- Work required
Look in the data below for the line that has "Location In - Kings", then print exactly every line from there through the line that has "Used 2017 Toyota", leaving pictures out.

- Data excerpts

--- --- ---

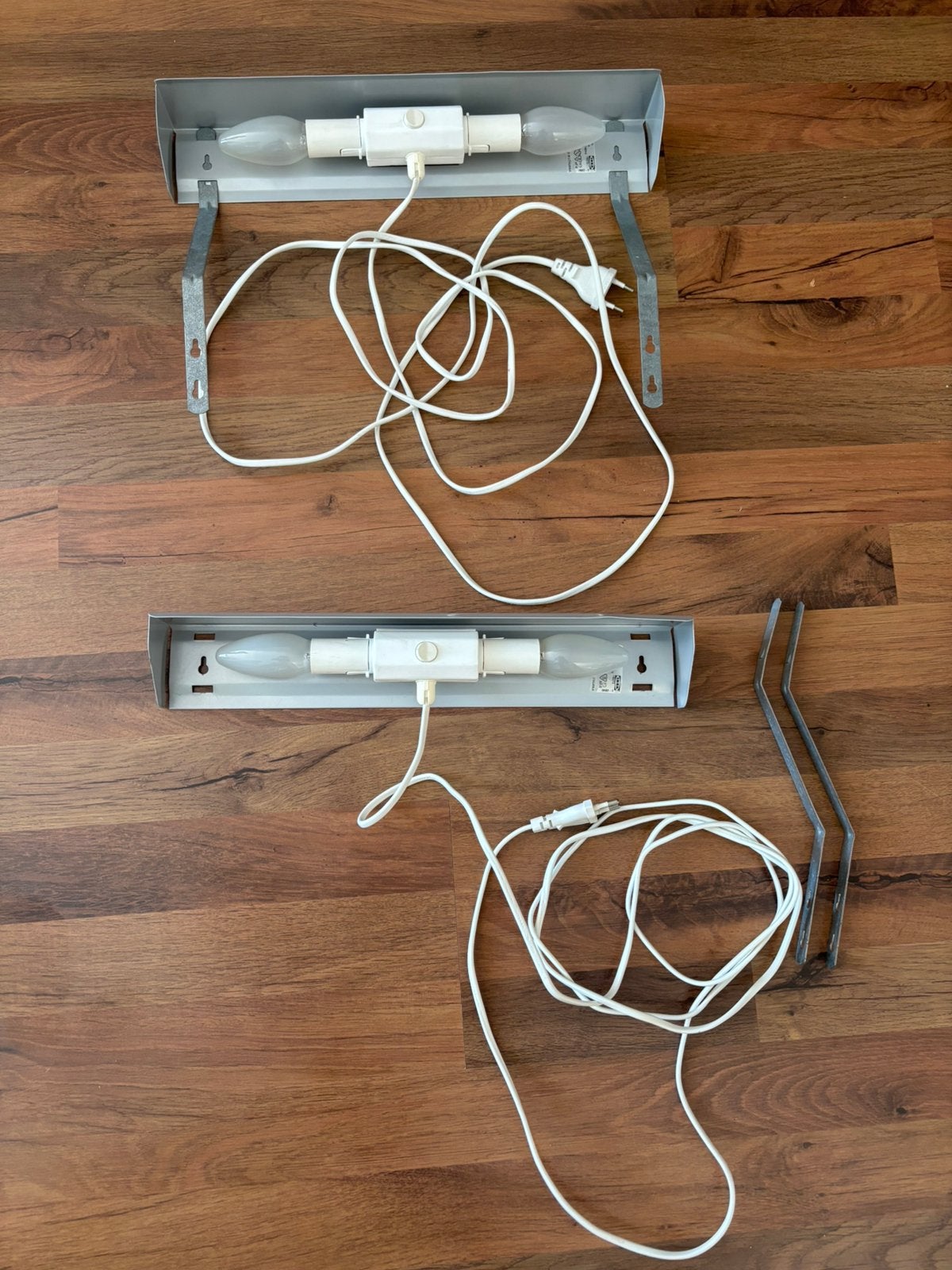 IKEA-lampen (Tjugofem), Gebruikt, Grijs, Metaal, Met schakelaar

--- --- ---

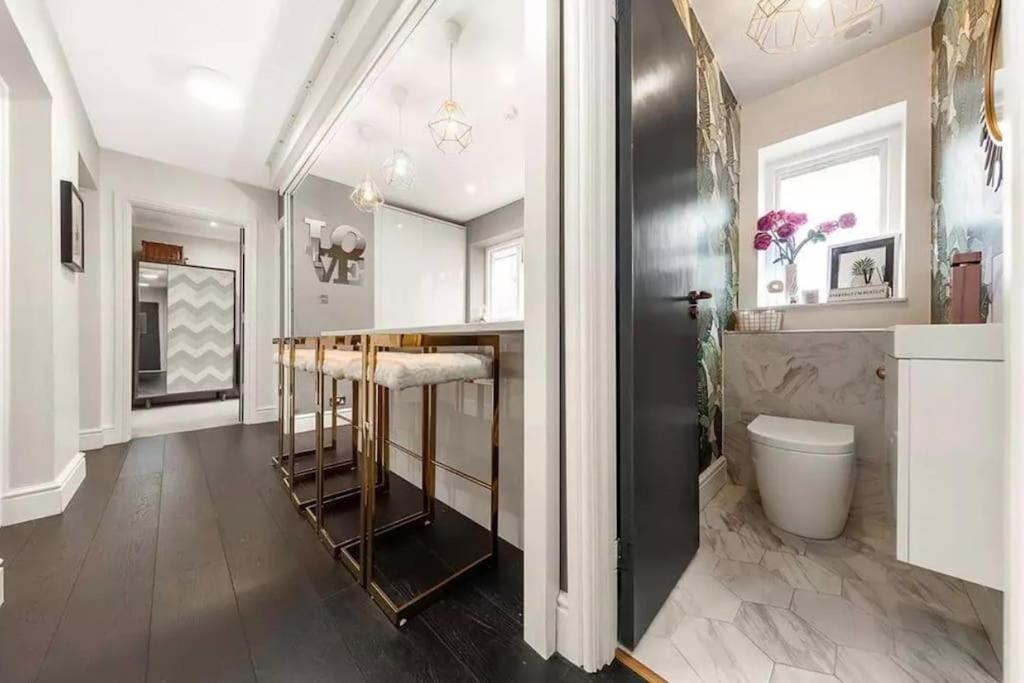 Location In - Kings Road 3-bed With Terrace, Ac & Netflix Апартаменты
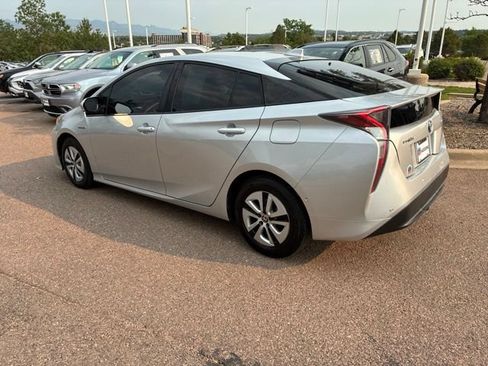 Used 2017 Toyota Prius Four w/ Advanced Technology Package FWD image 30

--- --- ---

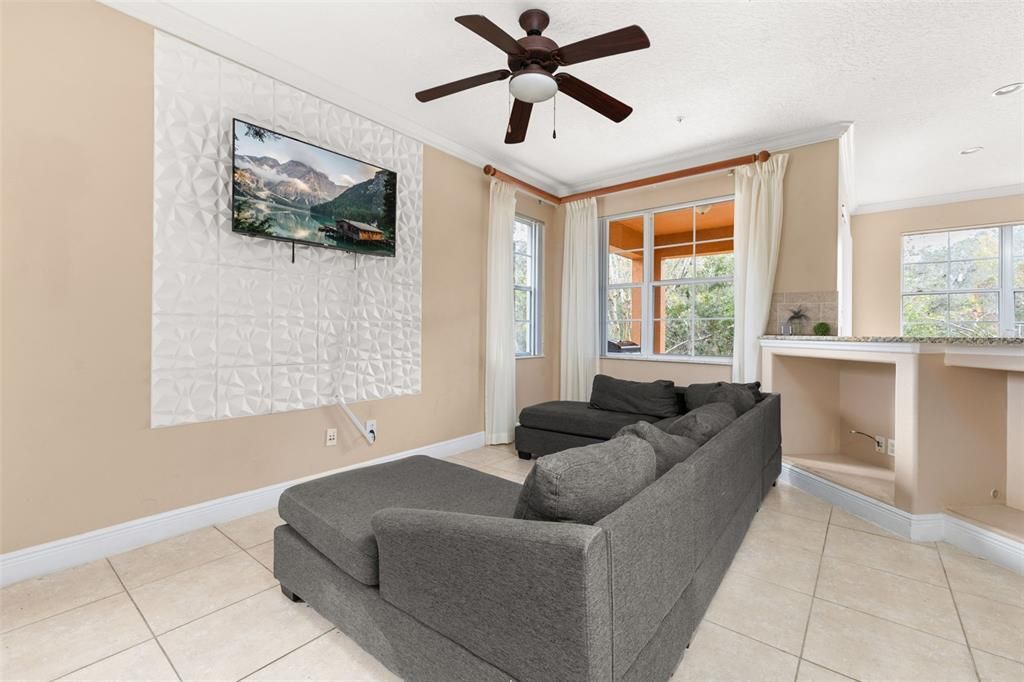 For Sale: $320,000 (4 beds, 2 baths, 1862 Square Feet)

--- --- ---

- Result for this exercise
 Location In - Kings Road 3-bed With Terrace, Ac & Netflix Апартаменты
 Used 2017 Toyota Prius Four w/ Advanced Technology Package FWD image 30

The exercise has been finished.